## WHAT TO DO
Up to and including the line with "First, just hold", restate every line of the records below word for word, from the first line on, leaving out the pictures.

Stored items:
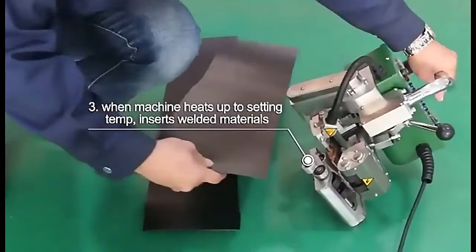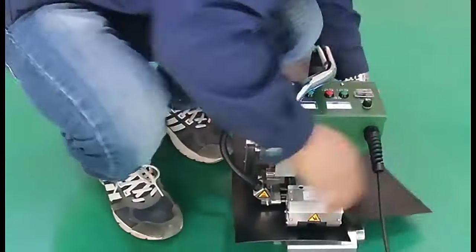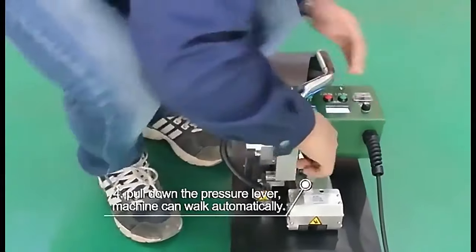When machine heats up to setting temperature, insert welded materials. Pull down the pressure lever and the machine can walk automatically.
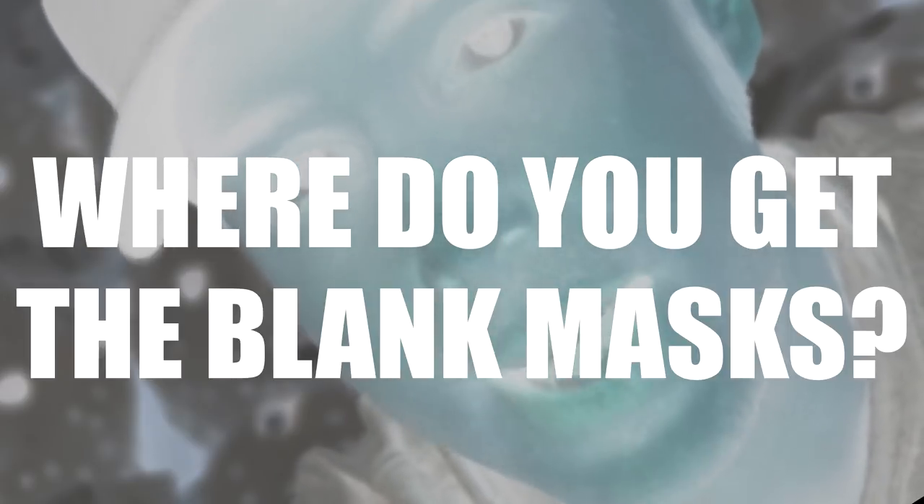Hey, what's up everyone. This video is gonna be short and sweet. I just want to answer a question real quick that people keep asking, and of course that big question is: where do you get the blank masks?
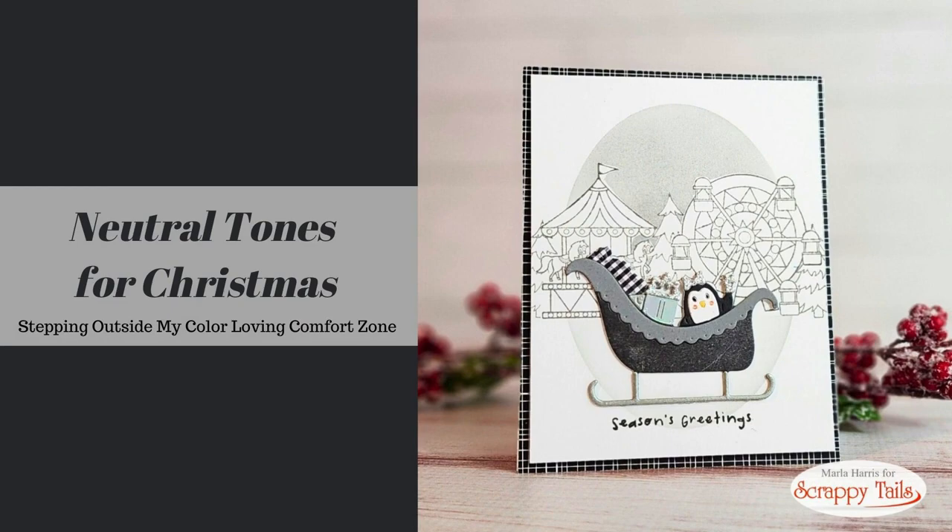Hi and welcome back to my channel. This is Marla and I'm so glad you're joining me today. We are going to create a Christmas card using neutral tones, which is a departure from my love of color.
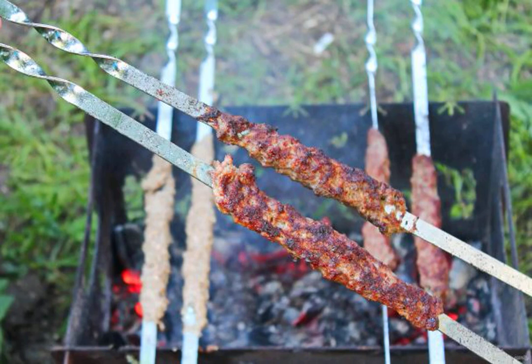If you love nature and cook on a campfire, surprising your relatives, prepare them a lula kebab in Armenian. This is a juicy cutlet cooked on a skewer, on the grill. If you follow the rules, everything will work out.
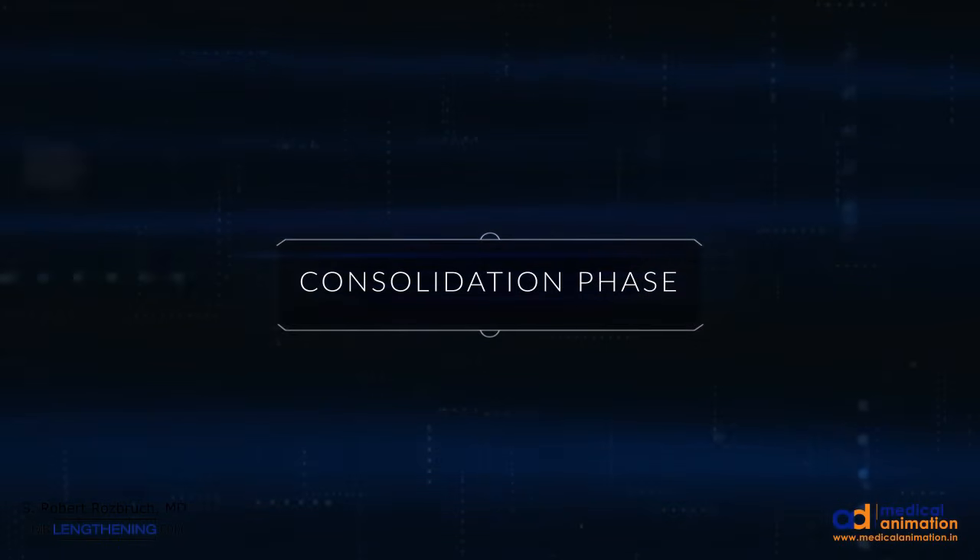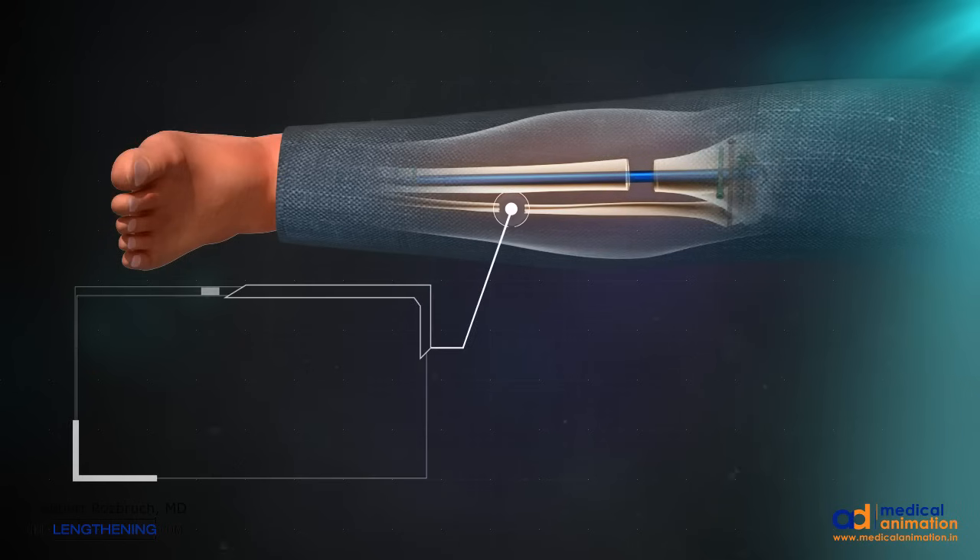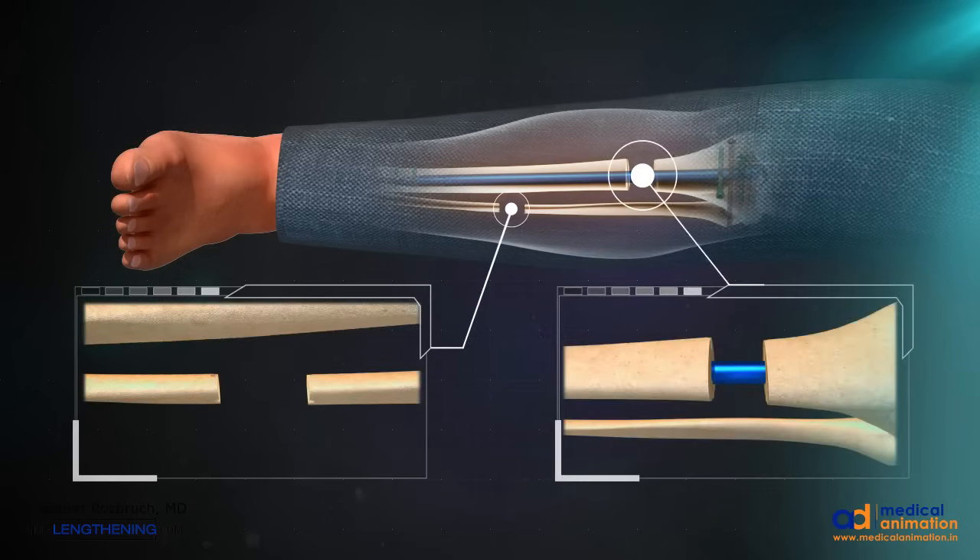Once the full length has been obtained, consolidation begins — that is the mineralization and hardening of the regenerate. This shows a gradual consolidation and calcification of both the fibula and the tibia lengthening sites.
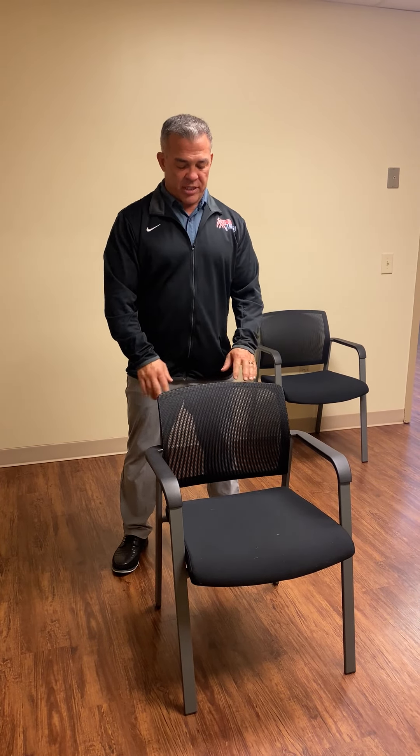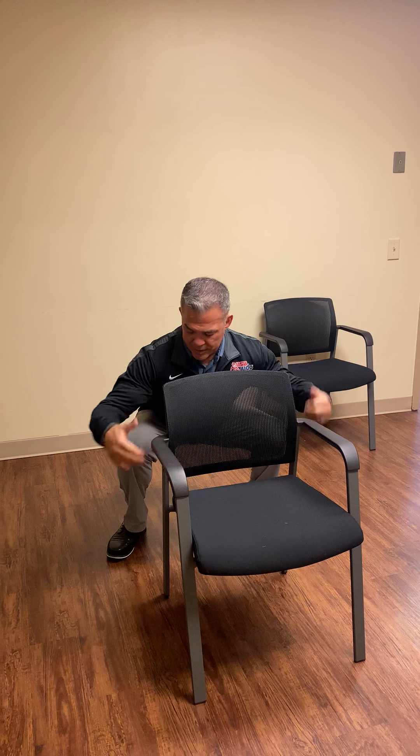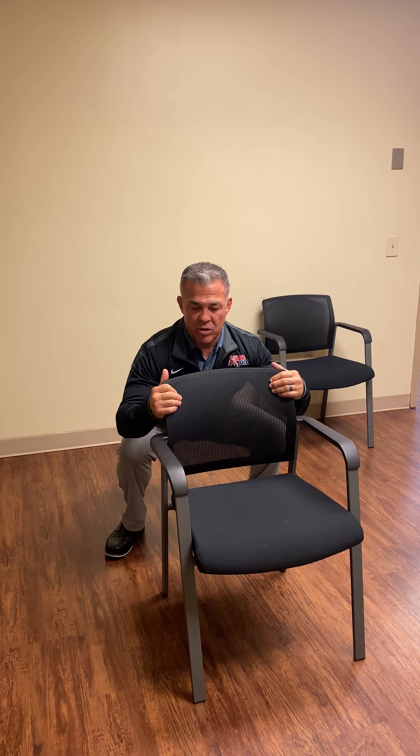First, just hold on to the chair. My feet are going to be just a little wider than shoulder width with my toes pointing out, and I'm just going to squat all the way down — dipping below my knees — but I'm going to hold on to the chair so my chest stays up high. I'll come down and count for a count of five, then come back up.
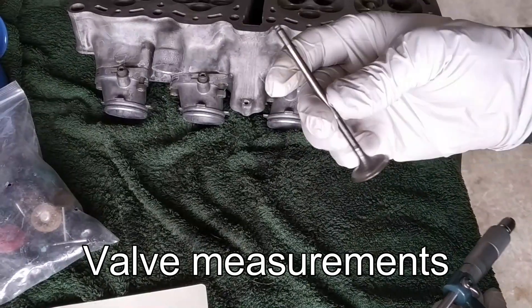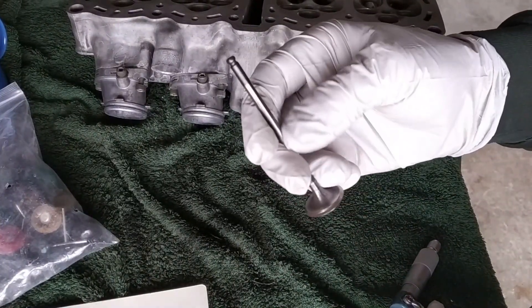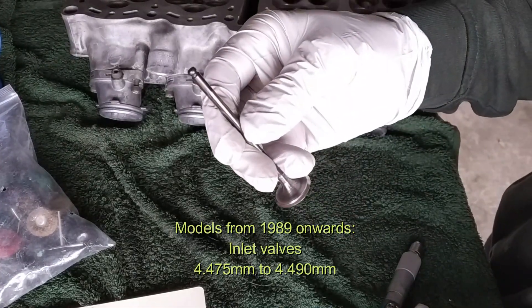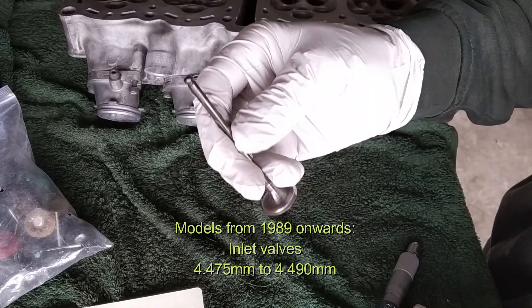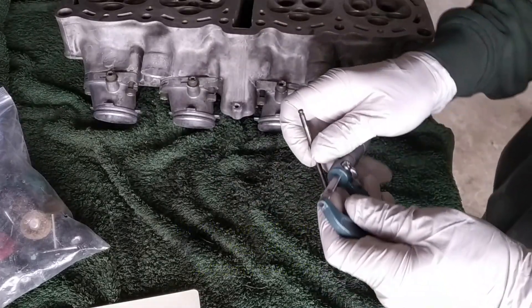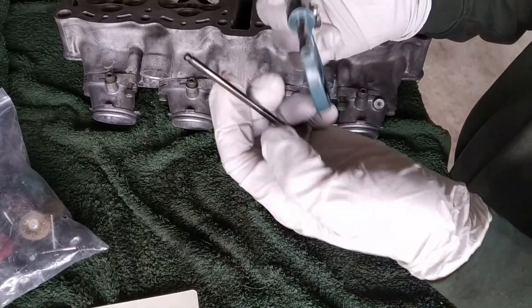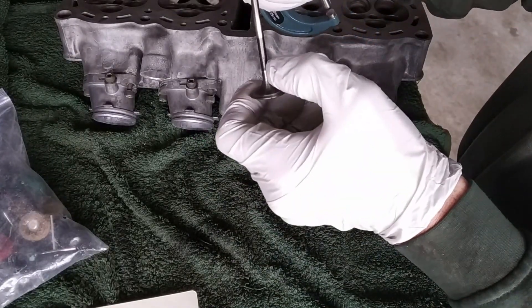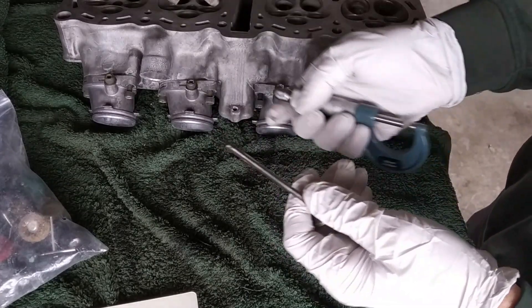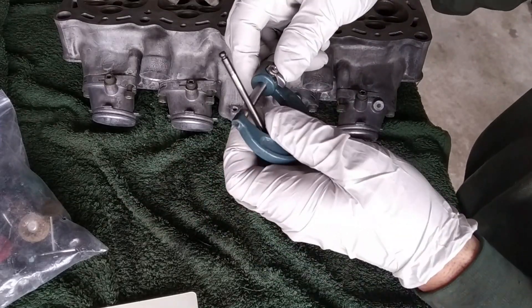Now let's measure the valves. This is an inlet valve, the center-in valve. I want to measure the stem. The spec says it has to be between 4.475mm to 4.490mm. We'll use a micrometer for this to have accurate measurements. Don't measure it down here or up there — measure it here where the valve works, so you have an accurate measurement of what you need.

## YOUR SOLUTION
When machine heats up to setting temperature, insert welded materials. Pull down the pressure lever and the machine can walk automatically.
Hey, what's up everyone. This video is gonna be short and sweet. I just want to answer a question real quick that people keep asking, and of course that big question is: where do you get the blank masks?
Hi and welcome back to my channel. This is Marla and I'm so glad you're joining me today. We are going to create a Christmas card using neutral tones, which is a departure from my love of color.
If you love nature and cook on a campfire, surprising your relatives, prepare them a lula kebab in Armenian. This is a juicy cutlet cooked on a skewer, on the grill. If you follow the rules, everything will work out.
Once the full length has been obtained, consolidation begins — that is the mineralization and hardening of the regenerate. This shows a gradual consolidation and calcification of both the fibula and the tibia lengthening sites.
First, just hold on to the chair. My feet are going to be just a little wider than shoulder width with my toes pointing out, and I'm just going to squat all the way down — dipping below my knees — but I'm going to hold on to the chair so my chest stays up high. I'll come down and count for a count of five, then come back up.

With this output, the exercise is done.